Scales is a member of the Horace Mann Bond Honors program, Tri Beta Biological Honor Society, and Alpha Mu Gamma National Foreign Language Honor Society.

Path to medical school                                                             

It was a program that she completed the summer after her freshman year that she says “pushed” her to strive to become a doctor; her original goal was to become a nurse, nurse practitioner or physician’s assistant.

She spent two months in the National Institutes of Health STEP-UP Program at the Children’s National Medical Center where she researched the prevalence of prehypertension and hypertension in children and adolescents in primary care clinics. STEP-UP provides hands-on summer research experience for undergraduate students, particularly from underrepresented backgrounds, interested in exploring research careers.

“Being in that environment, seeing the doctors and what they do, it made me want to go for it,” Scales said. “I wanted to remove the limitations I had on myself to go further. It was really a realization that I could do more.”

Scales took that decision to pursue a medical degree seriously because she knew it is a lengthy, costly process. Becoming a medical doctor typically takes from 11 to 16 years of education, including four years of college, four years of medical school, and anywhere from three to eight years of residency.

In the summers after her sophomore and junior years, Scales gained more confidence in her decision to pursue a medical degree during research internships at the University of Pennsylvania and Thomas Jefferson University, respectively.  

Anna Hull, a biology professor and academic advisor, praised Scales’ drive. “She’s so motivated and when she achieves, it appears effortless, but I know she works hard. I don’t have enough good things to say about her. ”

She got her first look at Penn State’s medical campus in during Primary Care Day in Fall 2014 and then returned in Summer 2015 for a one-week residential internship at the Hershey campus during the Primary Care Scholars Program.

Medical school admission process

The formal medical school admission process started during her junior year when she requested an interview with the Pre-health Professions Advisory Committee, a Lincoln faculty committee that interviews candidates in order to write a recommendation letter for students seeking admission to graduate schools in health professions.

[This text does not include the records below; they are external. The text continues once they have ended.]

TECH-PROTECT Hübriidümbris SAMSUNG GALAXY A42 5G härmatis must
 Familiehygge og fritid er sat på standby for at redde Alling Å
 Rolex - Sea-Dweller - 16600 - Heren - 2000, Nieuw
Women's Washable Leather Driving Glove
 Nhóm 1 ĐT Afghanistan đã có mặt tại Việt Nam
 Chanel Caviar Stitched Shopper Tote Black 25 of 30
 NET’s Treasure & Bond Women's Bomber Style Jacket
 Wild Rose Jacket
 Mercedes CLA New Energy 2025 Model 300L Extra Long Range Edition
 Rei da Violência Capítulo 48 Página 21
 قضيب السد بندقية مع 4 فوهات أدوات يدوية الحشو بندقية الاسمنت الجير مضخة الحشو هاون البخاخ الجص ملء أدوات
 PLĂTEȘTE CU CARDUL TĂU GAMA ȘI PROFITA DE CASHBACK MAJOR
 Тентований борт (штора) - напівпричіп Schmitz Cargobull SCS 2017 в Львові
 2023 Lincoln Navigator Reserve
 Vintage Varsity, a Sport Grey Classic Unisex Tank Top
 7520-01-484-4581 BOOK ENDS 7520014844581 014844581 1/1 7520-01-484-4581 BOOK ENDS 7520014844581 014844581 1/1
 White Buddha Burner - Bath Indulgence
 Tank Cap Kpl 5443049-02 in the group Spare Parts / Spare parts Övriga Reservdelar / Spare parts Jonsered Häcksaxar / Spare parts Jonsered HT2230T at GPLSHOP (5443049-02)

Part of the application process involved demonstrating service to the community. Scales is president of Rotaract, a Rotary-sponsored community service organization with a mission of “Service Above Self.”

“Honestly, I was not a selfless person all my life. Rotaract truly changed my attitude about giving voluntarily without expecting something in return.”

David Royer, a biology professor and Pre-Health Professions chairman, said, “Medical schools are looking for people who give generously of their time,” and he added Scales has many interests and has a natural connection with people calling her “kind,” “open,” and a “people person.”

Royer worked with Scales on her personal statement and various application essays for the 10 schools she applied to and described Scales as “committed” and “mature.”

She earned interviews at six medical schools, including Penn State. Academic advisor Anna Hull said that while some people take a gap year between undergraduate and medical school to complete the lengthy admission process, Scales did all the admission work while also taking classes, volunteering, and completing research programs.

“She did it straight out of college, and she applied to high-tier medical schools,” said Hull. 

Admission to Penn State’s medical program is anything but a given; in 2015, 9,449 students applied to be part of the entering medical doctorate class, and only 881 earned an interview.   The entering class had just 149 students, according to their website.

How did she feel after getting accepted?

"It is really good that I got in, but the transition ahead... yeah that does frighten me from time to time, but I see God ordering my steps so I know everything will work out for the best," Scales said.

She won’t have long to wait for the next chapter of her career to begin: her first day of medical school orientation is July 13.